Institut national de l’audiovisuel

Proposé par Institut national de l’audiovisuel

Date de diffusion : 23 oct. 2007

Dans la ville chinoise de Guiyu, des millions de déchets d'équipements informatiques sont entassés dans une gigantesque décharge. Provenant du port de Hong Kong, ils sont triés et recyclés à main nue, sans protection, par des ouvriers. Les résidus non recyclés sont ensuite rejetés dans la rivière.

Niveaux et disciplines

Informations et crédits

Type de ressource :
Forme :
Collection :
Date de diffusion du média :
23 oct. 2007
Production :
INA
Page publiée le :
31 mai 2013
Modifiée le :
29 juin 2023
Référence :
00000001333

Contexte historique

Par Christophe Gracieux

Les équipements électriques et électroniques n'ont cessé de croître depuis les années 1990. Ordinateurs, télévisions, téléphones portables, réfrigérateurs ou appareils photographiques se sont répandus dans le quotidien des pays occidentaux.
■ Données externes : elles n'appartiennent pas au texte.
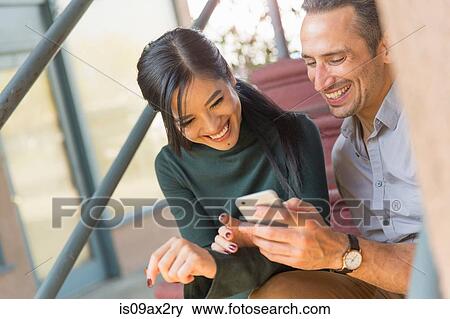 Couple sitting on stairway using smartphone smiling View Large Photo Image Stock Photo - Couple sitting on stairway using smartphone smiling. Fotosearch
De la sorte, les déchets d'équipements électriques et électroniques, les « DEEE », ont eux aussi connu une forte croissance. Quelque 40 millions de tonnes de DEEE sont ainsi produits chaque année dans le monde selon un rapport du Programme des Nations unies pour l'environnement (PNUE) paru en 2010. Les équipements électriques et électroniques sont essentiellement mis au rebut en raison de leur obsolescence : les innovations technologiques incitent à leur renouvellement rapide.

Les DEEE font l'objet d'une réglementation européenne spécifique. Deux directives adoptées en 2002 imposent aux fabricants et aux importateurs d'équipements électroniques et électriques la prise en charge de leurs coûts de ramassage et de traitement. La France s'y est par exemple conformée en 2005. Cependant, selon la Commission européenne, seul un tiers des DEEE produits dans l'Union européenne est recyclé conformément à ces directives. La situation est encore pire aux États-Unis, où seulement 14 % des 3 millions de tonnes de DEEE produits chaque année sont confiés à des recycleurs, le reste étant incinéré ou enfoui.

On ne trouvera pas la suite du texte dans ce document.